** Task details **
All pictures are to be omitted while the lines starting at the line with "L-Cartinina.webp" and ending at the line with "Grassy-Waters-Preserve-west-palm-beach-1327" in the material below are retyped exactly, both ends included.

** Data for this task **

--------

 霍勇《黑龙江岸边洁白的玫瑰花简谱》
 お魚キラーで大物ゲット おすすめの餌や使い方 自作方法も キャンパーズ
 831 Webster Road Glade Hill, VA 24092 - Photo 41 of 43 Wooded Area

--------

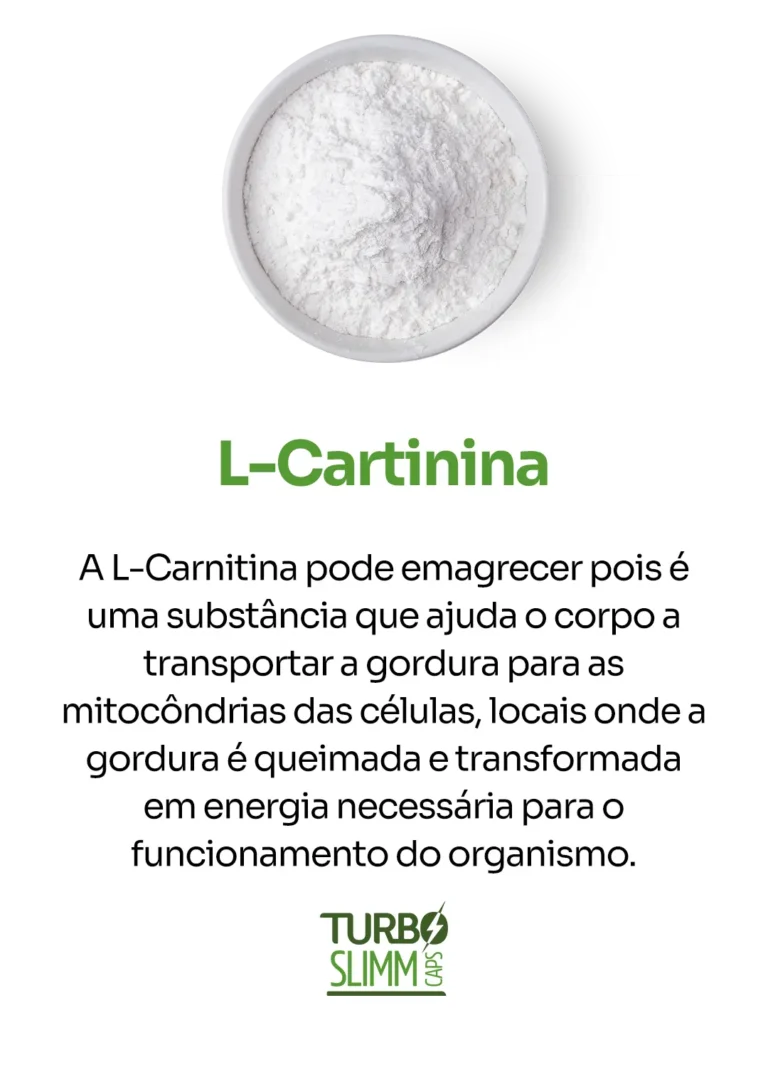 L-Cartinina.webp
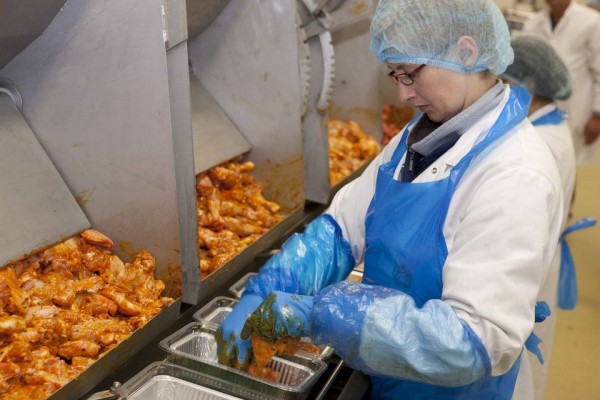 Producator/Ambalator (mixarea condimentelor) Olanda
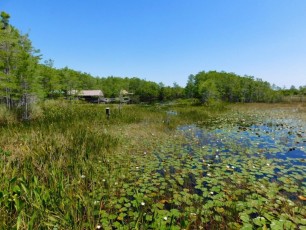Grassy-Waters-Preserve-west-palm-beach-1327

--------

** Task solution **
 L-Cartinina.webp
 Producator/Ambalator (mixarea condimentelor) Olanda
Grassy-Waters-Preserve-west-palm-beach-1327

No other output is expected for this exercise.